Skin cancer detection through attention guided dual autoencoder approach with extreme learning machine.

作者信息

Maurya Ritesh, Mahapatra Satyajit, Dutta Malay Kishore, Singh Vibhav Prakash, Karnati Mohan, Sahu Geet, Pandey Nageshwar Nath

机构信息

Amity Centre for Artificial Intelligence, Amity University, Noida, India.

Department of Information and Communication Technology, Manipal Institute of Technology, Manipal Academy of Higher Education, Manipal, 576104, India.

出版信息

Sci Rep. 2024 Aug 1;14(1):17785. doi: 10.1038/s41598-024-68749-1.

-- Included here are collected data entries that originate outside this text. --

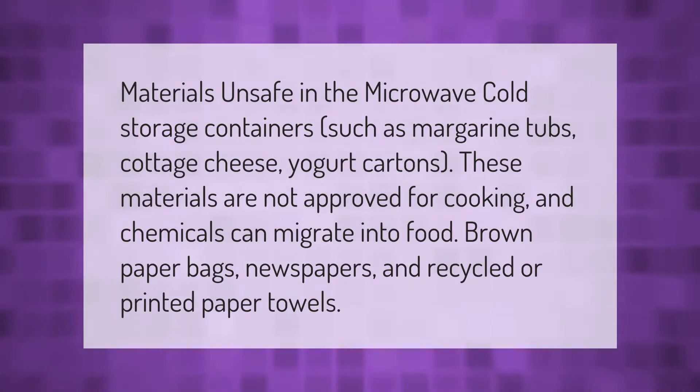Materials unsafe in the microwave include cold storage containers such as margarine tubs, cottage cheese, and yogurt cartons — these materials are not approved for cooking and chemicals can migrate into food. Also avoid brown paper, paper bags, newspapers, and recycled or printed paper towels.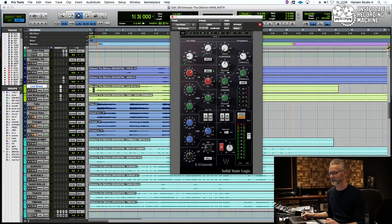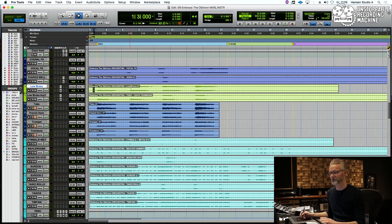So what you saw me doing was processing on the track itself, because I only have two tracks here. I could have put it on a bus and done the processing there, but they had a slightly different lift. And when it's only two tracks, I might not need to put them on a bus. We should hear how it sounds in the mix. Let's do that.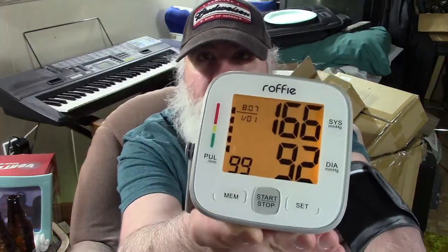I'll press the button. There's the display and it starts automatically, so I'm going to sit here and let it do its thing. I got a reading of 166 over 92. I've been running around doing stuff and did not have the requisite five minutes to sit and relax, so that's why my pressure is a little high.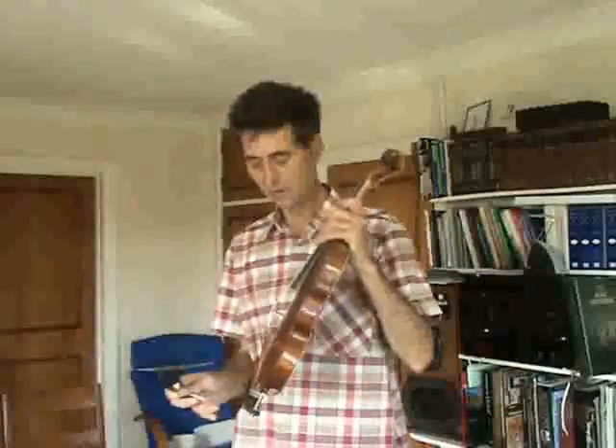When you want to put the instrument away in the case, all you have to do is take the chin rest off the top, the collarbone rest from underneath, and then you simply put the violin in the case.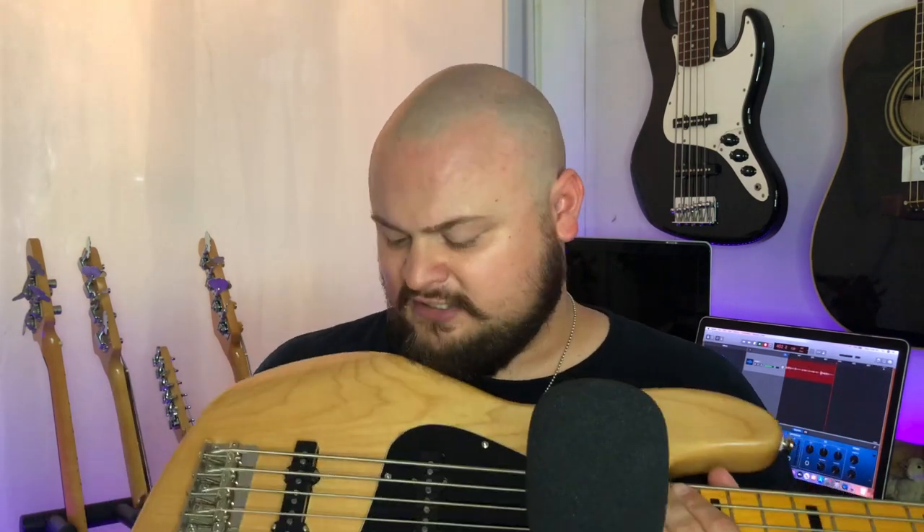I'm going to do a little slap style playing on this bass. First we're going to listen to the bass being slapped with both pickups on — that's how I like to hear it for slap style playing. Then we're going to take out the front pickup and listen to just the bridge pickup slapped to see how it sounds.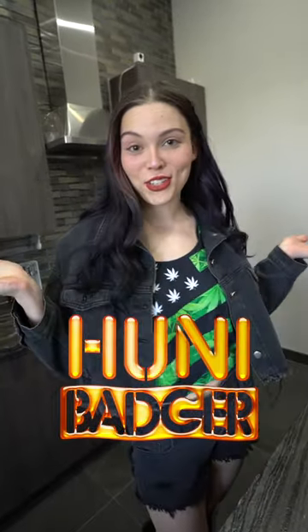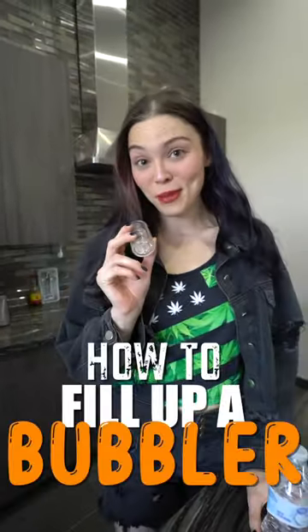Hi, I'm Trinity Faith. I'm hanging out at the Honey Badger studio today. I'm going to teach you guys how to fill up the bubbler. Super simple.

DOI:10.1038/s41598-024-68749-1
PMID:39090261
原文链接:https://pmc.ncbi.nlm.nih.gov/articles/PMC11294626/
Abstract

Skin cancer is a lethal disease, and its early detection plays a pivotal role in preventing its spread to other body organs and tissues. Artificial Intelligence (AI)-based automated methods can play a significant role in its early detection. This study presents an AI-based novel approach, termed 'DualAutoELM' for the effective identification of various types of skin cancers. The proposed method leverages a network of autoencoders, comprising two distinct autoencoders: the spatial autoencoder and the FFT (Fast Fourier Transform)-autoencoder. The spatial-autoencoder specializes in learning spatial features within input lesion images whereas the FFT-autoencoder learns to capture textural and distinguishing frequency patterns within transformed input skin lesion images through the reconstruction process. The use of attention modules at various levels within the encoder part of these autoencoders significantly improves their discriminative feature learning capabilities. An Extreme Learning Machine (ELM) with a single layer of feedforward is trained to classify skin malignancies using the characteristics that were recovered from the bottleneck layers of these autoencoders. The 'HAM10000' and 'ISIC-2017' are two publicly available datasets used to thoroughly assess the suggested approach. The experimental findings demonstrate the accuracy and robustness of the proposed technique, with AUC, precision, and accuracy values for the 'HAM10000' dataset being 0.98, 97.68% and 97.66%, and for the 'ISIC-2017' dataset being 0.95, 86.75% and 86.68%, respectively. This study highlights the possibility of the suggested approach for accurate detection of skin cancer.

摘要

皮肤癌是一种致命疾病,其早期检测对于防止癌细胞扩散至身体其他器官和组织起着关键作用。基于人工智能(AI)的自动化方法在皮肤癌早期检测中可发挥重要作用。本研究提出了一种基于AI的新颖方法,称为“DualAutoELM”,用于有效识别各类皮肤癌。该方法利用了一个由两个不同的自动编码器组成的自动编码器网络:空间自动编码器和快速傅里叶变换(FFT)自动编码器。空间自动编码器专门用于学习输入病变图像中的空间特征,而FFT自动编码器则通过重建过程学习捕捉变换后的输入皮肤病变图像中的纹理和显著频率模式。在这些自动编码器的编码器部分的各个层级使用注意力模块,显著提高了它们的判别特征学习能力。使用具有单层前馈的极限学习机(ELM),根据从这些自动编码器的瓶颈层恢复的特征对皮肤恶性肿瘤进行分类。“HAM10000”和“ISIC - 2017”是两个公开可用的数据集,用于全面评估所提出的方法。实验结果证明了所提技术的准确性和稳健性,“HAM10000”数据集的AUC、精确率和准确率分别为0.98、97.68%和97.66%,“ISIC - 2017”数据集的相应值分别为0.95、86.75%和86.68%。本研究突出了所提方法准确检测皮肤癌的可能性。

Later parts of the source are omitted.